Serinus Energy says revenue down amid 2025 drilling preparations

Serinus Energy PLC on Monday said in its annual report that 2024 was marked by ‘stable production and commodity prices’.

The Romania and Tunisia-focused oil and gas explorer and developer’s pretax loss was $8.6 million for 2024, narrowed from $11.4 million for 2023.

Revenue however decreased 14% to $15.4 million from $17.9 million, which Chief Executive Officer Jeffrey Auld said ‘[demonstrated] stable production and commodity prices’.

Production totalled 555 barrels of oil equivalent per day, down 14% on-year from 642 boe/d.

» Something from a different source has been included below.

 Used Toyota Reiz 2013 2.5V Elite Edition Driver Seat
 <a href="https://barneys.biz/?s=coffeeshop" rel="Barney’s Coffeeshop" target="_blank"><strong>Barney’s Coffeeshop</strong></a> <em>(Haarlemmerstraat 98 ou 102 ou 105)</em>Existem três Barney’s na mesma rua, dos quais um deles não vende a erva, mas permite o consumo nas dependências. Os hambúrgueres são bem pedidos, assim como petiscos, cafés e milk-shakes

Total administrative expenses meanwhile fell 26% to $3.6 million from $4.9 million, although production expenses rose 1.5% to $8.1 million from $8.0 million.

Serinus, which is ‘currently focused on enhancing production from its Tunisian assets’, also generated $865,000 in cashflow from operating activities, down 55% on-year from $1.9 million, and invested $1.1 million in capital expenditure, down 80% from $5.5 million.

Chair Lukasz Redziniak said Serinus spent 2024 ‘in preparations for drilling operations in 2025’, adding: ‘I am pleased to say that the team has been diligent in their efforts and all long-lead items are in [Tunisia] ready to begin operations in 2025.’

CEO Auld further commented: ‘Our 2024 results reflect both the challenges and opportunities as we navigate a complex energy landscape in both of our business units.

‘Operationally 2024 was a year where the group accrued cash, refined its drilling and development plans and put in place the equipment, manpower and technical knowledge to progress developments in 2025.’

He continued: ‘Looking ahead we are eager to commence the well side-track at the Sabria W-1 well...Third-party estimates suggest that incremental gross production from the introduction of this pump could exceed 400 boe/d.’

Shares in Serinus were down 5.5% at 2.51 pence on Monday afternoon in London.